Famous Oscars 2014 Picture The famous selfie shared by Ellen DeGeneres with actors, front row from left, Jared Leto, Jennifer Lawrence, Meryl Streep, Ellen DeGeneres, Bradley Cooper, Peter Nyongo Jr. and, second row, from left, Channing Tatum, Julia Roberts, Kevin Spacey, Brad Pitt, Lupita Nyongo and Angelina Jolie during the Oscars 2014 (AP Photo/Ellen DeGeneres) (AP)

“It’s Not What You Know. It’s Who You Know”

Everyone has heard this quote or experienced it firsthand. It is no secret that social networks greatly impact career and personal life.

This claim also holds true in the movie industry, and maybe more than others. In this project, we analyzed the social network of people who work in the movie industry. We used the CMU Movie Summary Corpus and IMDb datasets to do our analysis.

We analyzed the large social network by dividing it into clusters and then zoomed into the significant clusters to investigate further why these clusters exist and who are the key people that bridge different clusters.

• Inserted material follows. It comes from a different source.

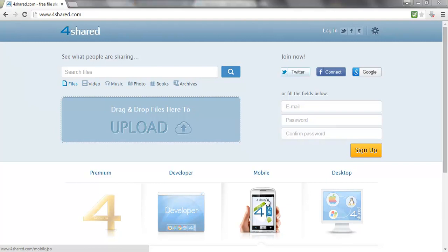Now the website on your screen is a file sharing website called 4shared.com. It might look pretty ugly but it is actually pretty popular and I'm going to give you two reasons why.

We looked at each cluster’s common attributes and tied them into real movie industries.

Our research questions,

The Data We Worked With

We merged IMDb dataset into our given dataset to have more entries and features such as ethnicity which we will use in the later stages. Since we are investigating the connections between people, we wanted to minimize the matches between people who would not be able to meet in real life due to the year they were active. To choose the best period, we looked at the number of movies per year.

Initial dataframe

As seen from the plot, the 1996-2011 (both inclusive) period has the highest number of movies. We have 14800 movies, and 74973 people with 38 different professions. One may ask why didn’t we just count the number of people and select a period. The answer will be clear after understanding what we are trying to visualize with the dataset.

How to visualize?

First and foremost, we are interested in how people are connected. Building a network graph is the best way to illustrate this. Thus, we need to define the nodes and edges of the graph. Nodes represent people, and an undirected edge between two people exists if they worked in the same movie. To make our network less sparse, we made our initial period decision on movie count. Intuitively, when two people work with each other more, they build a stronger connection. To represent this, our edges are weighted by common number of movies.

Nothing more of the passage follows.